Masekela Pays Tribute to Fassie, Ten Years On

The New Age
Zwalakhe Shangase

With South Africa celebrating the 10-year anniversary since Brenda Fassie’s tragic passing, a new book I’m Not Your Weekend Special – celebrating the legacy of the fallen icon contains interesting anecdotes from many artists including Hugh Masekela who wrote the foreword.

Masekela shared some intimate, never before heard details of how he met the legendary Fassie, his doubts about her making it in the music industry and how her tragic death has left a void in his heart.

In the foreword he writes about his first encounter with Fassie in Zimbabwe at one of the politicians mansions where he and his then wife, Jabu Mbatha, were going to meet the eclectic Blondie and Papa Makhene.

He recalls that a “brooding, teenage Brenda Fassie sat alone in a corner of the entrance hall, her face a hauntingly morose sheer, her disposition that of a pissed-off kidnapee. “In response to our friendly greeting, she acknowledged us with an attitude of disdain, arrogance and total dismissal.”

Masekela said as they sat for dinner that evening, he learnt from the table that Fassie had already had a hit back in South Africa, Weekend Special.

“I thought to myself, how the hell will she make it in the entertainment world with such a f*****-up disposition?”

His perception of Fassie changed when they met a year later in Botswana, where she was performing with her group The Big Dudes to a sold-out audience at one of the hotels.

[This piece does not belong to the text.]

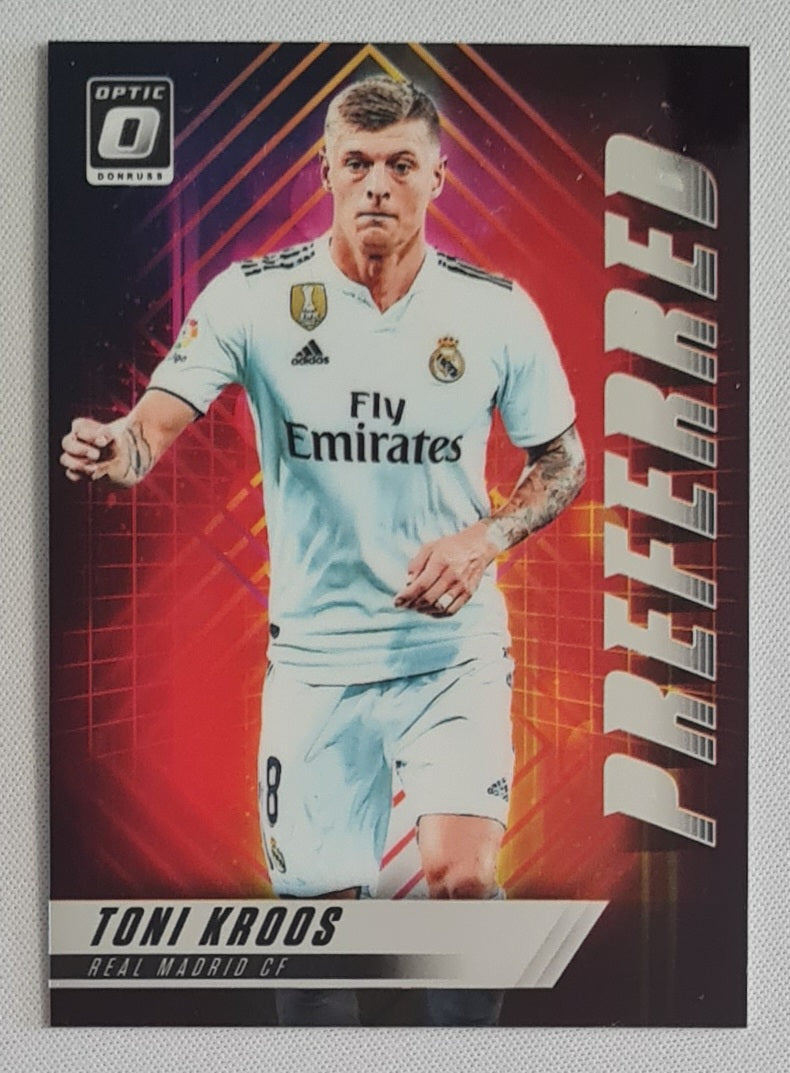 Toni Kroos - 2018/19 Panini Donruss Soccer Preferred #PR-2 Real Madrid CF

Masekela said she exuded energy similar to that of Judy Garland and Aretha Franklin when they started out in music. He said she was a natural-born comedienne, spontaneous; a free-spirited individual with an amazing voice and someone who spoke her mind.

Masekela emotively shared: “When I began to be really cognissant of the fact that her life was at risk, I attempted several times to give what I thought was good advice; she would just laugh and scream, ‘Hayi, suka Bra Hugh, how can you even try that when we are sitting here, doing blow (cocaine) together?’

“Like Miles Davis, Miriam Makeba and Louis Armstrong who disappeared but never died, Brenda’s music will always be in our lives and she left a big void in this world,” Masekela says.